Now you know a little more about D1 Street Legal and Masashi Yokoi’s driving style and history. What about the car behind the man? Let’s take a closer look…
Starting with the power department, which frankly is as beautiful to look at as it is functional thanks to Yokoi’s custom rocker cover and engine bay artwork. Aside from the paintwork, what we have here is one fantastic 2.1L SR20DET that is powerful and super responsive thanks to TOMEI Poncams, TOMEI connecting rods, 87mm HKS forged pistons, HKS valve springs, 850cc injectors, a NISMO fuel pump, and a lovely big HKS GT3037S-56T turbo, all of which help this S14 push out around 433ps.
I realise earlier on I said it was obtainable, but I never said it was cheap! As anyone who’s competed before will know, drifting can cost a lot money, but nearly every single drifter I’ve met has so much dedication to drifting that they will scrape together any pennies they have and put it towards their car.
All this power is directed through a NISMO 6-speed transmission, NISMO 2-way L.S.D, and a NISMO Super Coppermix clutch. Strong parts such as these are important for a car that’s going to take the kind of beating Yokoi gives.
Behind the arches and wheels is a suspension setup comprising of practically D-MAX everything, coilovers, arms, knuckles, the lot. D-MAX are a big player in the profession drift scene in Japan and provide a lot of sponsorship for drivers.

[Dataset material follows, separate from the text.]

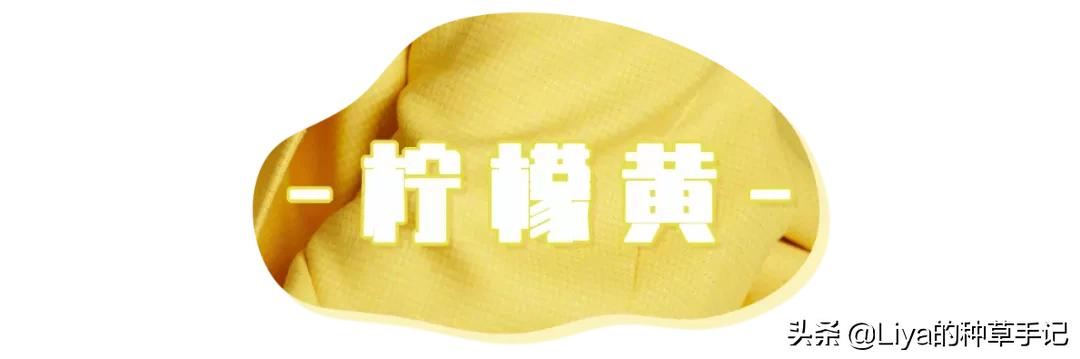 克莱因蓝和什么色搭配高级,35岁穿克莱因蓝好看吗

Thanks to the suspension goodies from D-MAX, the whole car sits purposefully on a set of Work Emotion CR Kais.
Yokoi decided run the Works in sizes 17x9J ET+17 up front and 18×9.5J ET+15 at the rear. This staggered setup not only looks badass, but is practical as the 17s allow for more steering lock clearance up front and the 18s give the rear end a little more traction. These are both wrapped in Federal RS-R tyres in sizes 235/40/R17 and 265/35/R18 which help provide the Silvia with massive grip!

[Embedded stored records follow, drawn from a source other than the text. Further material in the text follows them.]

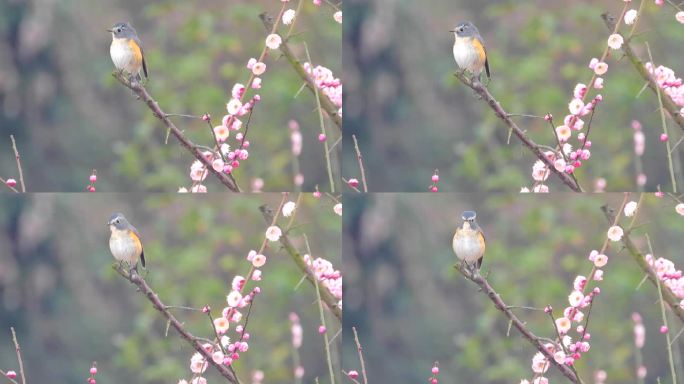 梅花树上的漂亮小鸟，红胁蓝尾鸲公鸟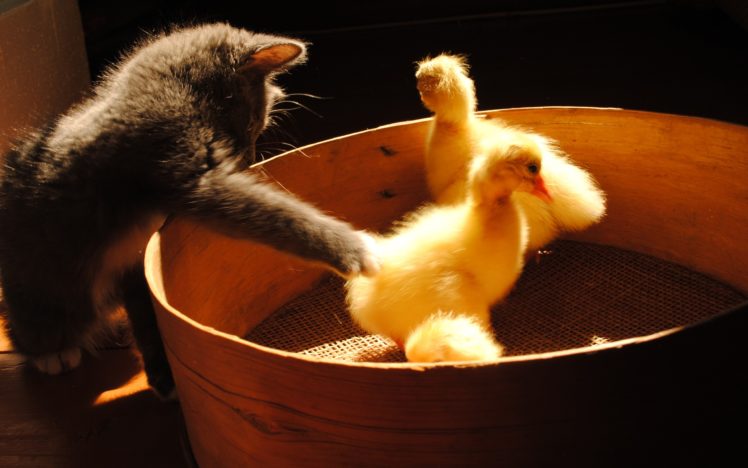 kitty, Playing, With, Ducks HD Wallpaper Desktop Background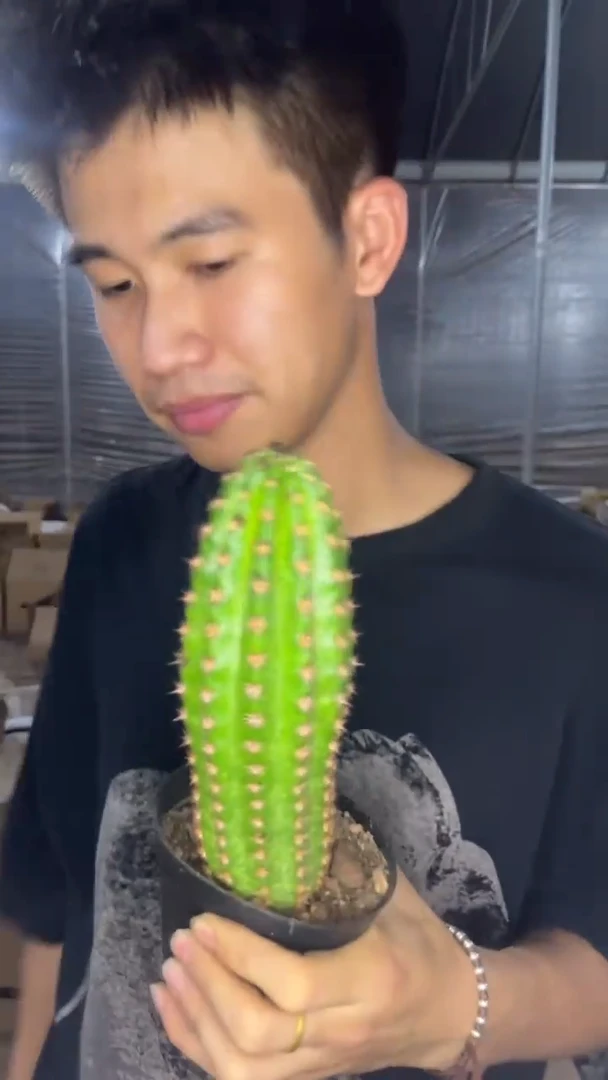 短豪刺 毛花柱【带根】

The interior of the S14 is pretty basic and a little rough around the edges, but with a car this driven I wasn’t expecting it to be spotless. It’s main focus is on the driver and it does the job well; plus it has a damn tv! What more could you want?! I also like the re-positioned standard handbrake which makes it easier for Yokoi to reach when he needs to give it a quick dab on those ferocious entries.
And last but not least we have the styling. This is taken care of once again by D-MAX with their full Type-3 aero kit and D1 SPEC 30mm wide front fenders and 40mm rear fenders. The Type-3 kit has the feel of the later Kouki kit that came as standard on S14s, except it’s like it’s taken a load of steroids and is angry as hell. The car has also retained the original Nissan Kouki wing which finishes the whole thing off nicely.

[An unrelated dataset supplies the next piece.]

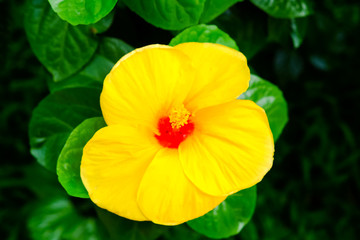 Hibiscus, the national flower of Malaysia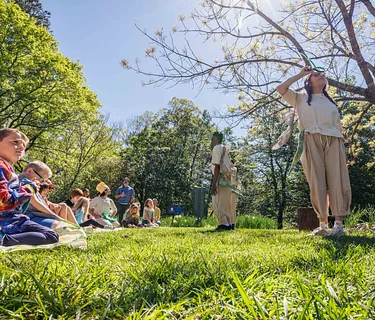 The Beauty Project: Through the Looking Glass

Now I’m going to end this feature on a sad but happy note. Sadly this particular S14 no longer lives as Yokoi decided to scrap the shell shortly after our visit; I feel lucky to say that I got the chance to shoot it before it’s demise. However, over the winter Yokoi built a new chassis which is borderline identical to this and has been using it in the 2012 D1SL season with great success.
I’ve also recently discovered that Yokoi will finally be competing in D1GP this year on July 21st-22nd for Round 3 at Autopolis. Yokoi will be driving the D-MAX D1GP demo S15 Silvia that used to be piloted by Nakamura in the series. I wonder how he will get on with a monster 600PS 2.2L SR20DET with NOS? I wish him all the best of luck!